Good sales management is much more than teaching, though. A manager must help the salesperson develop his own methods. That’s coaching, and that means asking the right questions and having the patience to wait for an answer. As a sales manager, it’s crucial to resist the impulse to take over – to make the call yourself, to solve the problem rather than letting the salesperson struggle through it. But that’s often how people learn best. So that’s very different from selling, isn’t it?
Not really. A good salesperson knows you can’t force a solution down a customer’s throat. If you listen and encourage a prospect to think it out for himself, you may discover an application for that product that you never thought of before. And your customer will feel more like a partner. Apply that to your sales staff, and you’re on your way.
Target the outcome
As a manager, when you meet with a salesperson for a coaching session, there’s a tendency to try to do too much. You’re in a hurry to bring them along, to help them get that pipeline going. So you talk about how many calls they’re making, and how they’re presenting material, and follow-up, and maybe you critique the way they handled a gatekeeper recently. The result is that your sales rep is confused and doesn’t know what to do next. The management skill here is to pick one thing that needs improvement, target that, and let the others go for another day. Know what outcome you want from the salesperson – what needs to be different – and figure out how you’ll know when that outcome is reached. Then you can move on to the next one.

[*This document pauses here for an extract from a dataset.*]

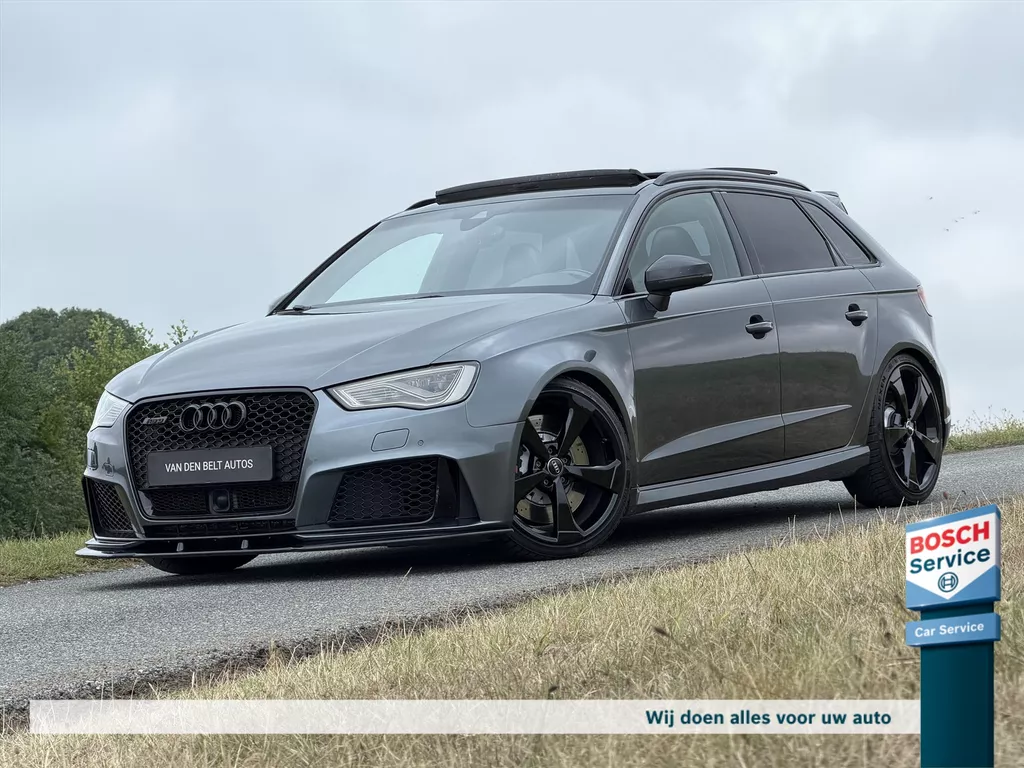 Audi Rs3 2.5 TFSI 367PK Quattro / Pano / Carbon Led stuur / Schaalstoelen / Sterrenhemel / Full Maxton / B&O / Camera / Keyless / 19* Rotor / Acc / Dcc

It seems a pattern has emerged here: you use that skill in selling, too. You don’t try to unload your whole inventory in one sales call. You know if you can make a start, make a small sale, you can start to develop a satisfied customer. If there’s anything salespeople understand better than anyone else, it’s goals. The difference here is that your goal isn’t a sales quota; it’s a solid behavior you want to see from the person you’re coaching.
But how do you get your staff to try the methods you’re suggesting? Change can be unsettling. Not everyone is open to improvement, if it means the discomfort of trying something new. How do managers motivate their people?
Well, you already know how to communicate your value proposition: what’s in it for the customer. Same thing for your sales team. You persuade by talking about the benefits to them: more money, bigger territory, more opportunity – whatever is meaningful to the person you’re talking to. Just as in sales, it’s not important what you think is the best feature; what matters is what the other person wants. You get to know your salespeople to find out what they want. And then you help them get there.
So maybe great salespeople do have the skills they need to be great sales managers. With a change of perspective and a change of goals, you can turn your expertise into success for your entire sales staff. Think about it. How can your sales skills help you engage, motivate and sharpen up your sales people? Look at them from a different angle, and you might find you’re already an expert.